PandoraPartyProject

幕間

ストーリーの一部のみを抽出して表示しています。

For me? Not for you.

関連キャラクター:エッダ・フロールリジ

シガーキス
●可愛い女では無いのです。
「……可愛い女では無いですからね」
 半ば無意識に予防線を張るようにそう言ったエッダ・フロールリジ(p3p006270)がふ、と紫煙を吐き出した。
 仕事の一服は蓮っ葉に。見られてしまったからには逆に堂々と入った彼女は驚いた顔をしたヴェルス・ヴェルク・ヴェンゲルズ(p3n000076)に流し目をやる。
「煙草の一つも呑むのです。
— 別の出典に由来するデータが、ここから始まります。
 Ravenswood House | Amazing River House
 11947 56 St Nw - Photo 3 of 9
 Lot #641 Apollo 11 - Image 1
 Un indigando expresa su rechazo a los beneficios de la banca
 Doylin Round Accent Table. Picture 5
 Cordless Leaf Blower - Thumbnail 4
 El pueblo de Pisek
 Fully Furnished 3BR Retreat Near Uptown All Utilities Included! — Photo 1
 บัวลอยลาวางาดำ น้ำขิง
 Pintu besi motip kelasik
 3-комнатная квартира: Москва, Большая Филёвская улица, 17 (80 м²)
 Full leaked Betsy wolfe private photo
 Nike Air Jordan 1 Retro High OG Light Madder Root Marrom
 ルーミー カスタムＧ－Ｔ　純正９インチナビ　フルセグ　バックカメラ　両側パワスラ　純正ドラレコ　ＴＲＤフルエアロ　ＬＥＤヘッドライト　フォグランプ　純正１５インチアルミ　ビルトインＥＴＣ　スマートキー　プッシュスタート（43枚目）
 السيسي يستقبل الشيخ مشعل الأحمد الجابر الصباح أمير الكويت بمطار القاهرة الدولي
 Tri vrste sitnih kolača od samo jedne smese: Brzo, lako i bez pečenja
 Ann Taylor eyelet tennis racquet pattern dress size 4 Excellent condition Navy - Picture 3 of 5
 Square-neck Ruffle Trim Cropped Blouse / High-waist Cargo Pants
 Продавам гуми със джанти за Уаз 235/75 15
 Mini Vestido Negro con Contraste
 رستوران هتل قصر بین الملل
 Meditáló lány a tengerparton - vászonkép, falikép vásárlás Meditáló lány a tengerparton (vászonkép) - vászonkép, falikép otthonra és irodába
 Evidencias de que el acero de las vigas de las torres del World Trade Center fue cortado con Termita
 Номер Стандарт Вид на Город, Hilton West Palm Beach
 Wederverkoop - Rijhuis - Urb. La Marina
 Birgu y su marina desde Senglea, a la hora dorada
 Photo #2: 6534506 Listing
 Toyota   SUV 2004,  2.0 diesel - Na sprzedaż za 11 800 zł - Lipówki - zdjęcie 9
陛下におかれましては忠実なメイドめの所作とは思わないのかも知れませんが」
『メイド』と呼びつければ業腹するエッダだが、敢えて皮肉に言った言葉はやや言い訳めいていた。
 可愛い女でない事は確かだが、可愛い女で居たくない訳ではない。
 何もこんな姿は進んで見せたいものではないが――同時に『陛下』がどう反応するか気がかりなのも確かだった。
「可愛い女じゃねぇかも知れないが――」
 肩を竦めたヴェルスは二歩、三歩とエッダに歩み寄る。
 間近に距離を詰められれば小柄なエッダの身体は長身の彼にすっぽりと包まれてしまいそうになる。
「――知れねぇが?」
「お前は居心地の良い女だろう? 『可愛くないのが丁度いい』」
 上目遣いにヴェルスを見上げたエッダは幽かな苦笑いを浮かべた。
「陛下は女性の褒め方を知らないようで」
「生憎と知っての通り、『女は苦手』なんでね」
(……どの口で仰る)
『あまりにあんまりな』麗帝の言葉にエッダの苦笑は深まった。
 可愛らしい女性を好まないのは知っているが、『居心地の良い』扱いを受けた自身はいよいよたまらない。
『居心地の良い女の立ち位置は普段ヴェルスが見せない異性への厄介さをこれ以上無く発揮する』。
「……………はぁ」
 不快かと言えばとても頷けないのは確かだが、釈然としないし負けた気がするのは間違いなかった。
「そうだ」
「……?」
「火を、貰うぜ」
「――――」
 ほれ見た事か――
 エッダは何処か他人事のように考えた。
 至近距離の戯れ、少しだけ大人びたやり取り、シガーキス。
「……返事は待たない主義ですか?」
「先手必勝って言うだろう?」
 目は口よりも物を言う。伏し目がちな彼女は完膚なきまでに負けている。
「……陛下はスキャンダルが怖くないようで」
 辛うじての皮肉はまるで本腰が入っておらず、大した効果をもたない事を他ならぬエッダ自身が知っていた。